Belong to a Mommies group? Booster club? Civic org?
Trade outgrown children's clothes, maternity ware, toys, really endless. Take this concept and run with it. Items such as sport gear, gardening items, & office attire.
Hopefully in our current economic climate more people will consider bartering with more than a passing interest.
~~ pelenaka ~~
Tuesday, March 24, 2009
Busy putting my home inorder in ancipation of spring arriving soon.
Last week I came across a stash of plastic canvas bought last Summer @ a nearby street sale, no the street wasn't for sale just a group of neighbors who staged a massive street long tag sale. Now that I have all this free time on my hands I finally got around to converting these to useful food preservation tools.
I scored each plastic canvas for a dime. If your unable to catch a good find don't forget that some of the major chain craft stores offer coupons. Pick a canvas with a small patterned mesh since you'll want these screens to dehydrate items such as herbs & diced celery.
Directions : Take the 1 mesh screen that comes with your dehydrator and use it as a pattern to trace and cut more screen using plastic canvas. Instead of using a marker to trace the circle I pined a screen using clothes pins as my guide. If your screen less from the get go then you'll have to trace a pattern using one of the dehydrator trays. Trim to fit.
I've been trying to work up a barter deal for ingredients to make gourmet brown mustard. Thought I would kick off this year's canning season early using a recipe from Ball Complete Book of Home Preservering page 274, Oktoberfest Beer Mustard. I can already taste this on a white hot !
I found a bottle of beer in the cellar but am still short on brown mustard seed.
UPC update: Third straight month that I've been wrong.
This month the main reasons have & will be due to pork. Last week my bbgf (barter buddy/girlfriend) was shopping @ the local mega market & came across a loss leader sale on pork. The catch was that the pork was packaged in "family packs" of 10 pounds each having a varied assortment of chops & bone in roasts. Long story short after calling me and getting no answer she made an executive decision & bought me a "family pack" too. There was added stress since these were the last two on the shelf coupled with the fact that $ is tight I am on sabbatical after all.
$26 over budget for pork @ $1.38 per pound.

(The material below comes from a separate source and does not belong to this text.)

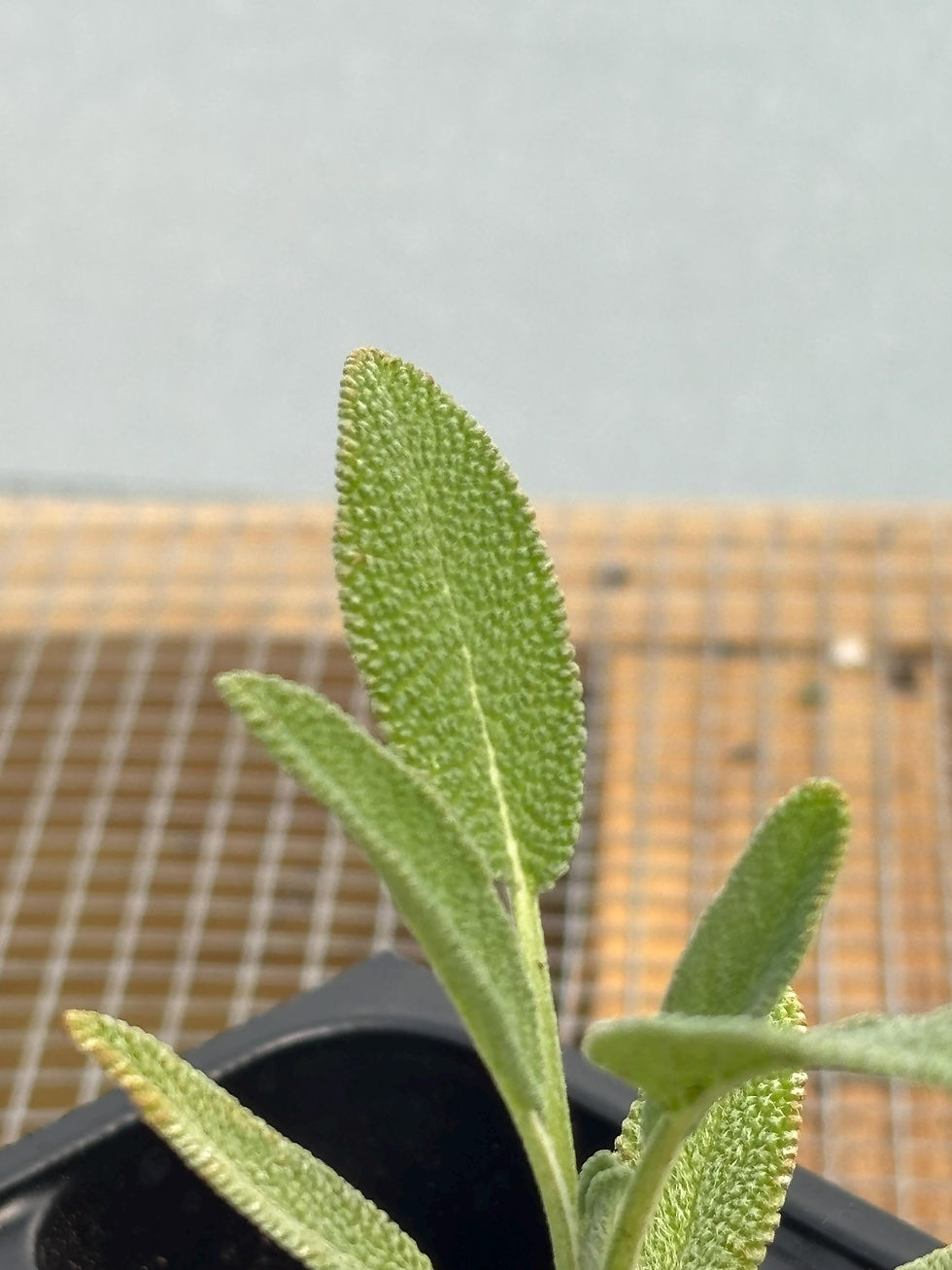 Thumbnail: Sage Live Plant - Seedlings/Plugs and Plants - 3"- 12" tall - 30-60+ days old, (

In the next few days I'll be spending $108.50 for half of a half pig that will be butchered this coming week. Same bbgf was cut in on this deal unexpectedly when someone else backed out.
If our math is good should work out to $1.40 per pound (really need to generate more savings to offset this expense).
These two deals got me to thinking about creating opportunities to take advantage of food opps.
Here's what I have come up with - giving a gift card to that one person who thinks & shops as I do (that being my bbgf) so when they're in the right place @ the right time they can snag me a deal too without a cash flow issue.
I'll ask her if she wants me to hold a gift card for her in the same way.
~~ pelenaka ~~
P.S. 3/26/09 My share of the pork came to $128 after all was said & done with the cost of the pig, butchering, & wrapping. So far there's 25 pounds of pork neatly tucked in my freezer.
Along with 17 pounds 5 oz. of pig fat. Anyone besides me see a post on rendering lard in my future?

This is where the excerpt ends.